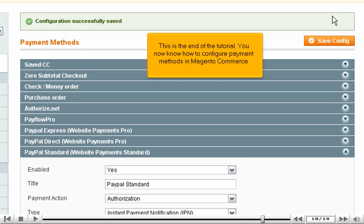This is the end of the tutorial. You now know how to configure payment methods in Magento Commerce.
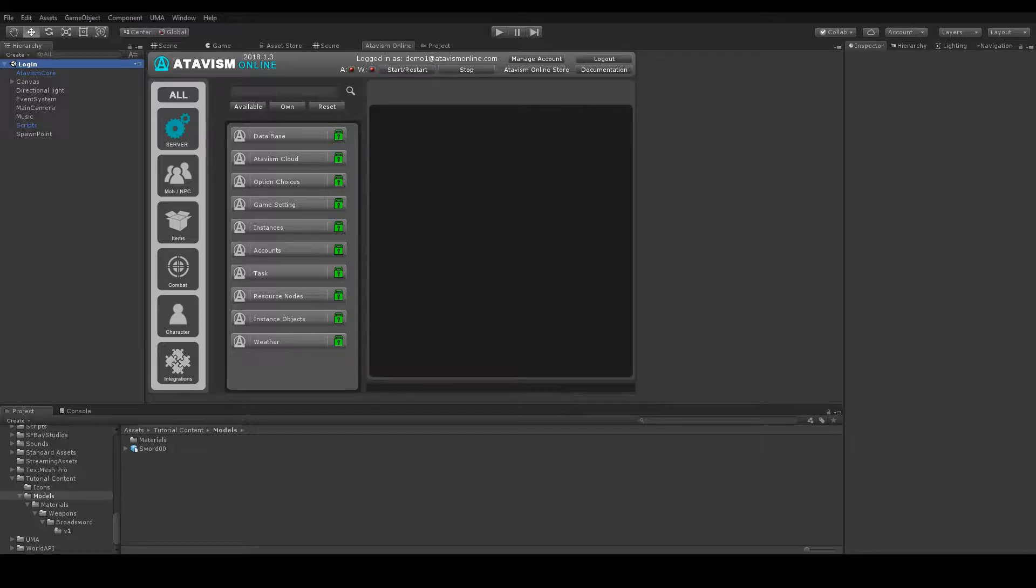Hello, I'm Marcin Demek from Atavism and in this video I will show you how to add a weapon type item to your game.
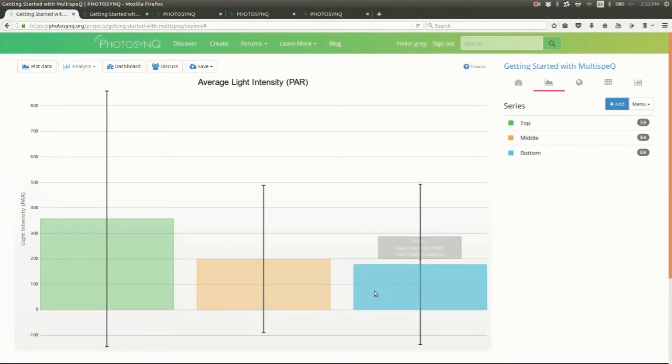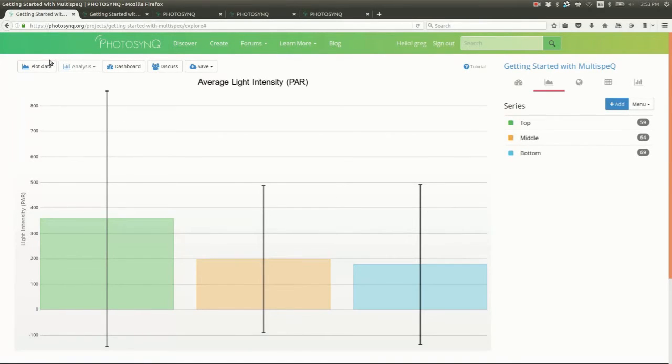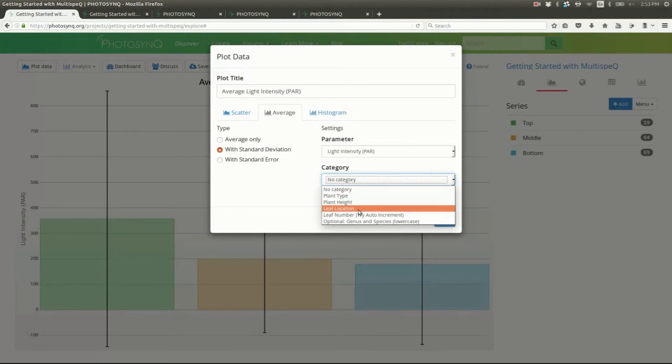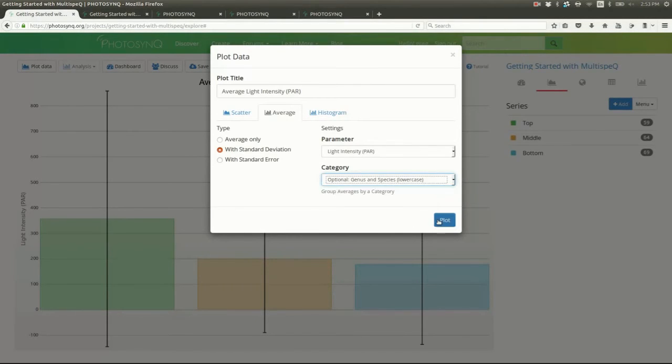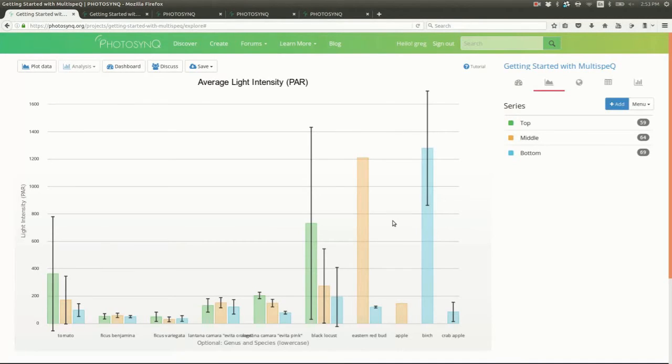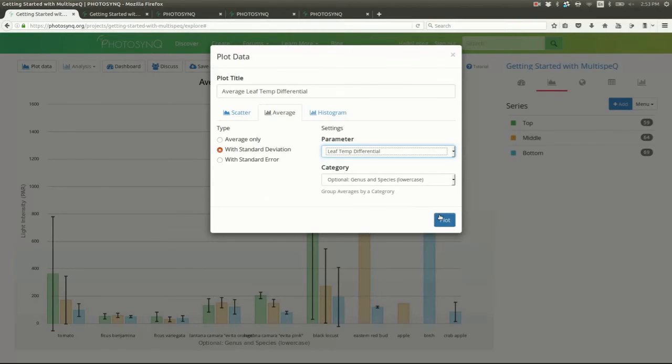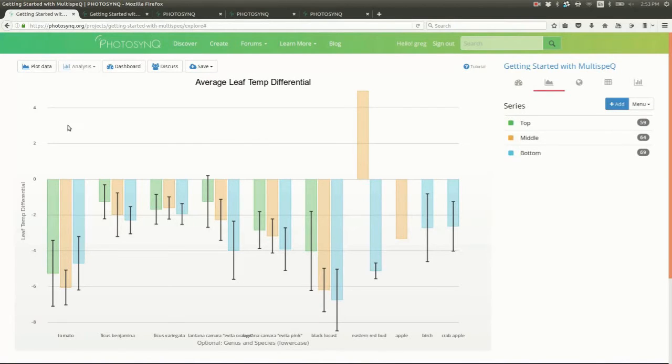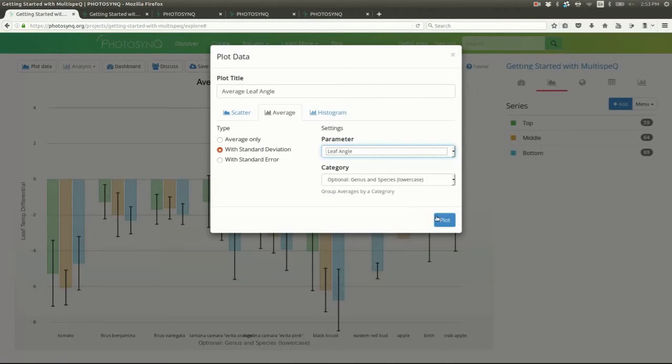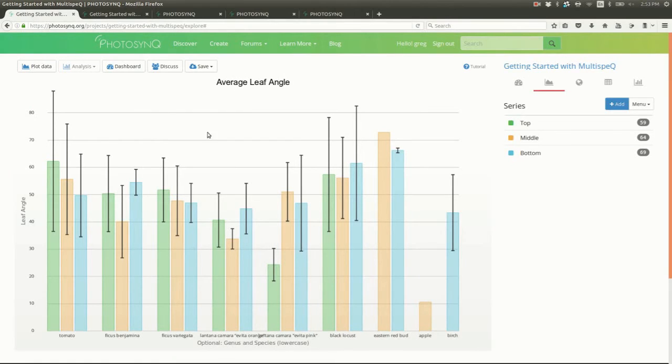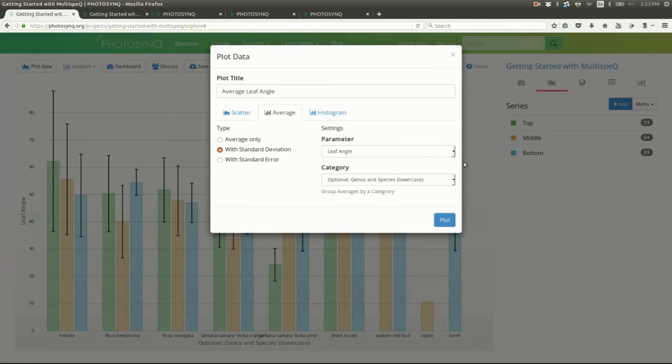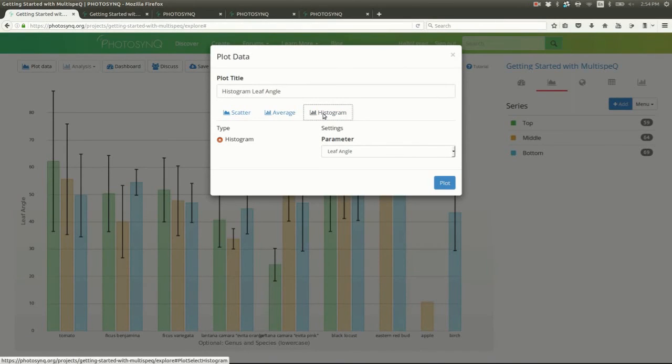Now let's compare across different species. Now let's see leaf temperature. How about leaf angle? There's a large range, so let's view it as a histogram.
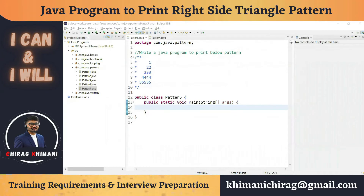Welcome to the Java programming series. Today we will understand how to write a program to print a pattern. Before we jump into the program, let's try to analyze the pattern.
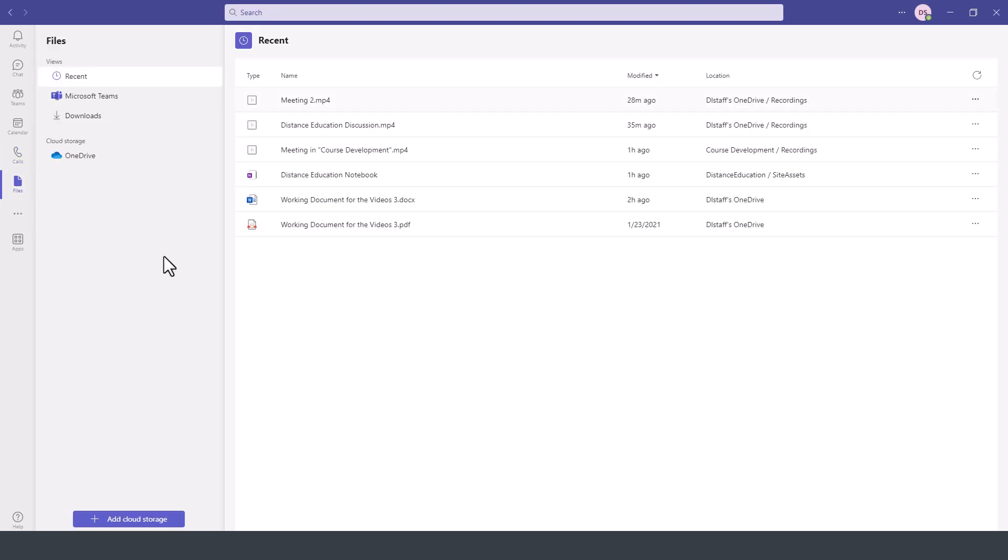The Files option contains any files that we have access to through our collaboration with various teams in this platform, or files that we have sent to other individuals as part of our interactions.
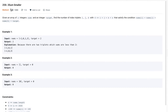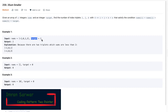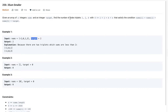Today we'll talk about 3Sum Smaller. In this question, they provide a nums array of numbers and a target, and they expect us to find the number of index triplets i, j, k that satisfy the condition that if we add all three numbers, that sum should be less than the target. We have to find all those triplet indexes. Looking at the example, the output is two because there are two triplets whose sums are less than the target: minus 2, 0, 1 and minus 2, 0, 3.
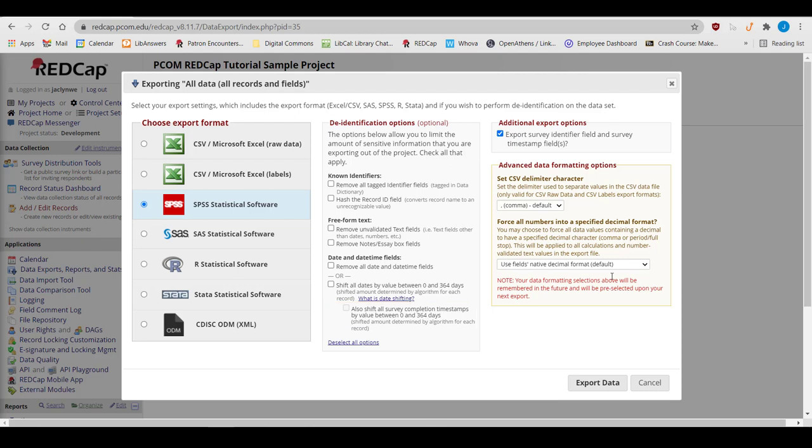When you've made your selections, click Export Data at the bottom of the window and export the prepared file. This video completes our REDCap tutorial. Next, you'll need to take a short quiz about using REDCap. After passing this quiz, an email will be sent to the REDCap administrators and your PCOM REDCap account will be created. You will then get an email with your new REDCap account information.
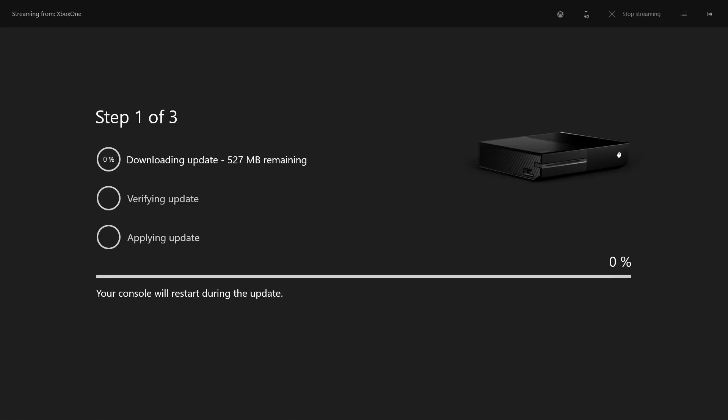Step 9: An Update Progress screen appears. A progress bar appears, displaying the progress through the overall update. The update will move through three phases: Downloading, verifying the download, and updating your Xbox One console.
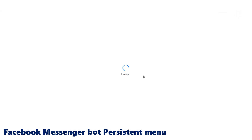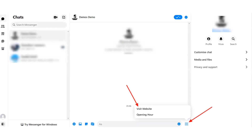Thank you so much for your support! Facebook Messenger Bot Persistent Menu has been created.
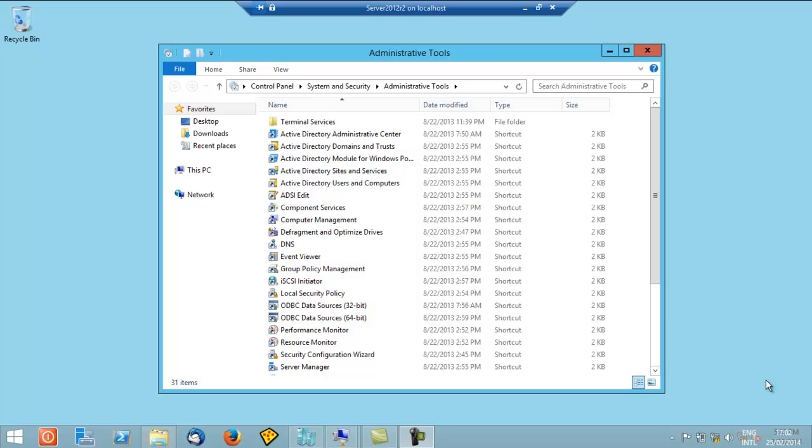Hello! Today we're going to see how to connect up a client computer, like a workstation, Windows 8, Windows 7, something like that, to our server.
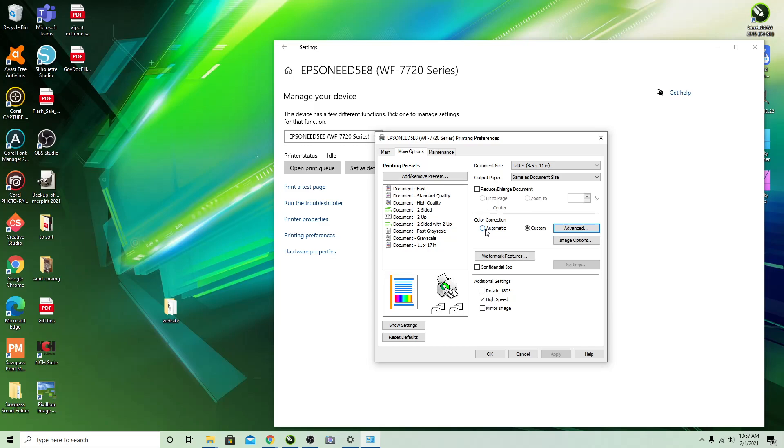My recommendation is to print out a color chart with each setting and see what's going to give you the result that you want.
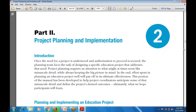Part number two is project planning and implementation. Once the need for a project is understood and authorization to proceed is secured, the planning team faces the task of designing a specific education project. Project planning requires attention to detail while always keeping the big picture in mind; effort spent in planning will pay off in the ultimate effectiveness of the project.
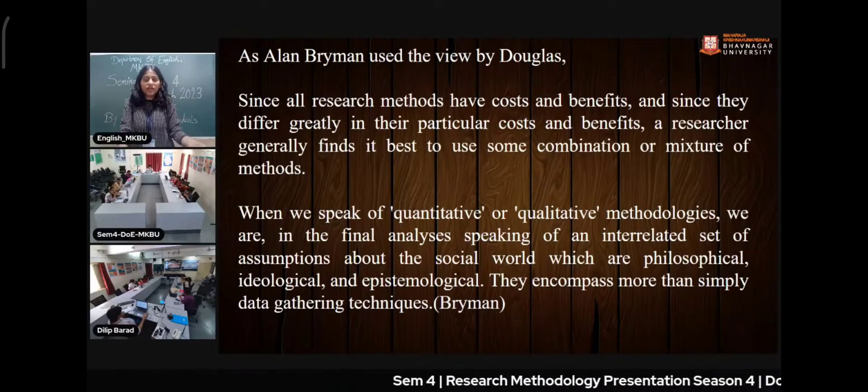Theory triangulation involves using different types of theories within the research. Investigator triangulation is when research is done by two or more researchers to get more observation. Data source triangulation involves collecting data from different types of sources, such as groups, individuals, or communities.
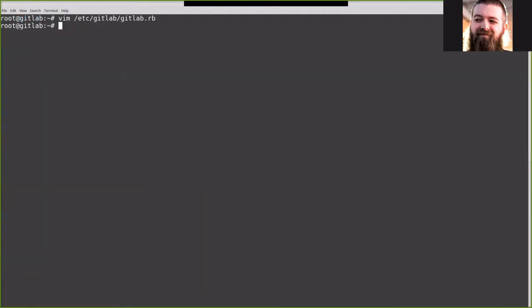With that, we're going to save it and do a GitLab CTL reconfigure and wait for that to complete.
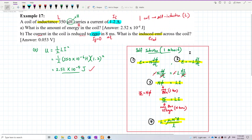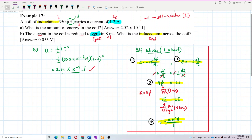For self-induction, we have: induced EMF = −N dΦ/dt, or induced EMF = −L di/dt. The EMF is induced because there is a change of current, which causes a change of flux. These two combine to give NΦ = Li. We also have L = μ₀N²A/l.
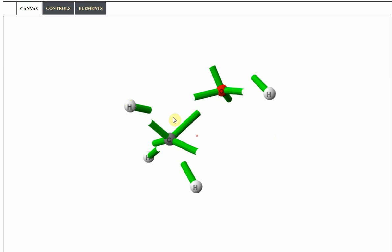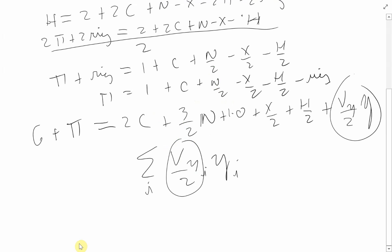Carbon is tetravalent, but four divided by two means it only really contributes enough to make two bonds — whether they be sigma or pi bonds. So we arrive at this simplified form: the total number of sigma and pi bonds in a molecule is half the valency of each contributing atom summed together. This holds whether the element is carbon, nitrogen, oxygen, or any other element with a known valency.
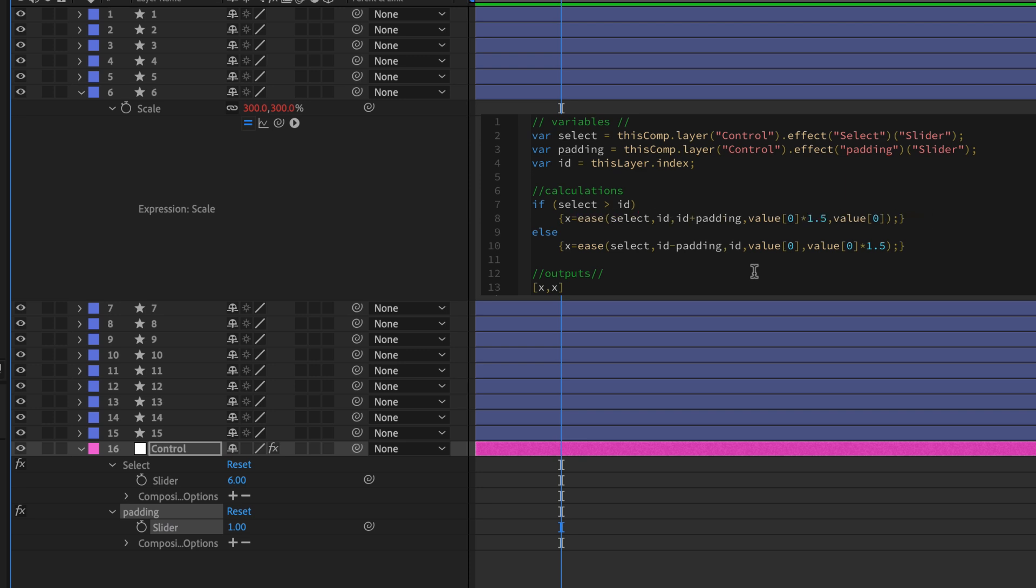X will be equal to this ease function, where we are going to look at the value of that selection slider, which we know is increasing from the number that is this layer that we've assigned to it in the ID variable. In this case, that's six, and it's on its way up to seven, or as we can express it here, this ID plus the padding.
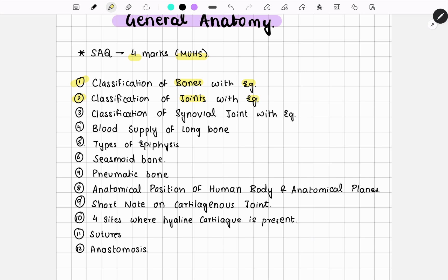Among joints, synovial joints can be asked as a separate topic because it is very important and contains more examples. Then comes the blood supply of long bones, which you need to do with a diagram — this is a very important question.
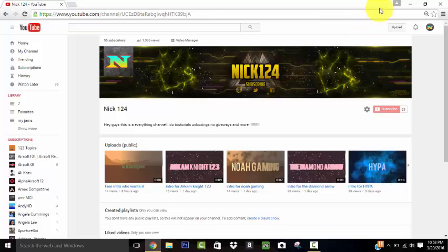Hey guys, Nicklin24 here, and today I'm going to be showing you how to get 5 million subscribers in less than a minute. So let's just get started.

┄┄┄┄┄┄┄┄┄┄

#### Activity:
Leave out the pictures and repeat exactly the lines from the start of the material through the line that contains "The Files option", both included.

#### Solution below:
This is the end of the tutorial. You now know how to configure payment methods in Magento Commerce.
Hello, I'm Marcin Demek from Atavism and in this video I will show you how to add a weapon type item to your game.
Now let's compare across different species. Now let's see leaf temperature. How about leaf angle? There's a large range, so let's view it as a histogram.
Welcome to the Java programming series. Today we will understand how to write a program to print a pattern. Before we jump into the program, let's try to analyze the pattern.
The Files option contains any files that we have access to through our collaboration with various teams in this platform, or files that we have sent to other individuals as part of our interactions.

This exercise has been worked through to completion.